Между тем, Фурманов вместе с сотоварищами находился в Ташкенте и готовился выступить в Верный. По словам самого Дмитрия Андреевича, в Семиречье он отправился в качестве уполномоченного по области от реввоенсовета фронта, а вместе с собой прихватил дюжину товарищей, среди которых были политорганизаторы, инструкторы, агитрабочие, руководители партшкол, газетчики, театралы и другие. Путь, по его словам, был труден: «…чтобы добраться к Верному, надо ведь проползти целых шестьсот с лишком верст на лошадях, горами и равнинами…». О Верном в те годы говорили немало, особенно в свете того, что десятью годами ранее город был полностью разрушен землетрясением. Хоть с момента той самой катастрофы и прошла целая декада, но отголоски трагедии до сих пор были на устах. Особенно отличались в этом старожилы, которые пророчили молодым людям гибель если не от горных бурных рек, то уж точно от обвалов, провалов и снесенных водой мостов.
На следующий день после описанных событий Фурманов отправился на вокзал. По словам автора, из Ташкента с его фруктовыми садами, жарким солнцем, голубым прозрачным небом и разноцветными халатами местных жителей до Верного путь занимал около восьми сотен верст, часть из которой можно было преодолеть на поезде: «По железной дороге можно было тогда ехать до станции Бурной [прим. ныне станция Боранды], а дальше – верст шестьсот – на перекладных, на тройках». Время в пути попутчики проводили в беседах, оживленно обсуждая методы предстоящей политической работы. Дорога предполагала множество стоянок и чем дальше от Ташкента, тем отчетливее виднелась разница между городами: «Только возле киргизских поселков и раскиданных здесь и там угрюмых серых юрт – одиноко, сиротливо чернеют какие-то чахлые незнакомые деревца.
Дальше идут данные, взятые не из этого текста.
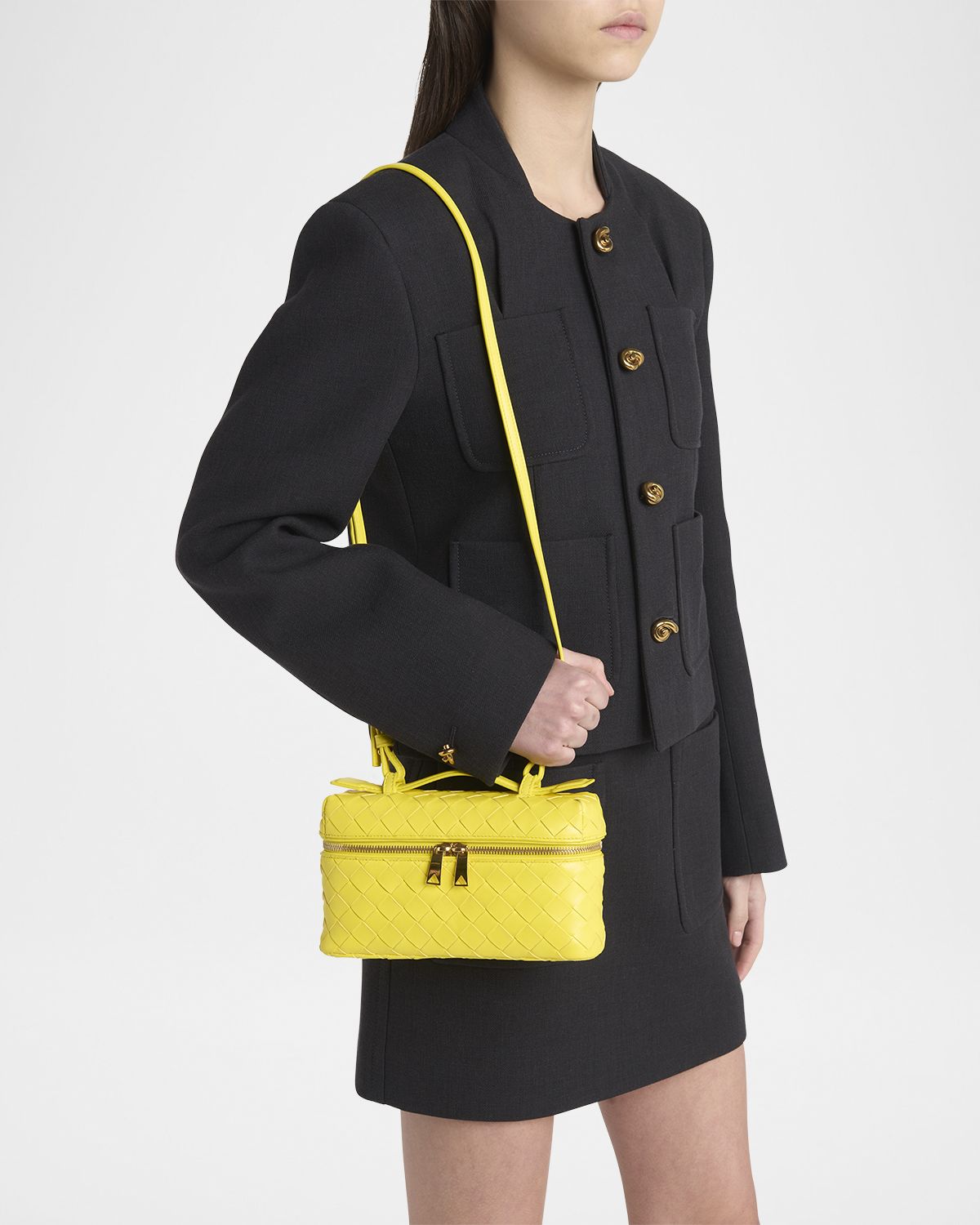 Bottega Veneta Bang Bang Vanity Intrecciato Leather Crossbody Bag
Узбека здесь не встретишь, ютятся только киргизы».
Прибыв в Бурное, товарищи потребовали у коменданта станции лошадей, чтобы сразу же отправиться в небольшой городок под названием Аулие-Ата [прим. Тараз], до которого, без малого, шестьдесят-семьдесят верст пути. Наняв подводы, коммунисты двинулись в путь. Возница Фурманова был переселенцем из Харьковской губернии. Он же рассказывал Фурманову о лени местных казахов («А он што, киргиз? Сел на кобылу, свистнул, да и был таков – лазит тебе по горе, мурлычет, скотинку пасет…») и об отношениях казахов с переселенцами:
«Оно [дружба] не то штобы нет, а и не то штобы есть. Где как водится – тоисть насчет этой дружбы. Старожилы [переселенцы, прожившие в Казахстане сорок и больше лет] их самих уж больно не любят: собаки, говорят, какие-то блудущие, да и только… Ну, старожил – ясное дело, не любит отчего: богат не в меру. Где ему киргиза бедного за человека, да еще за равного, себе сосчитать. Он, поди, и нашим братом гнушается – новоселом [переселенец, проживший меньше десяти лет в Казахстане]. А новосел за то не уважает киргиза, что к труду он неспособен…»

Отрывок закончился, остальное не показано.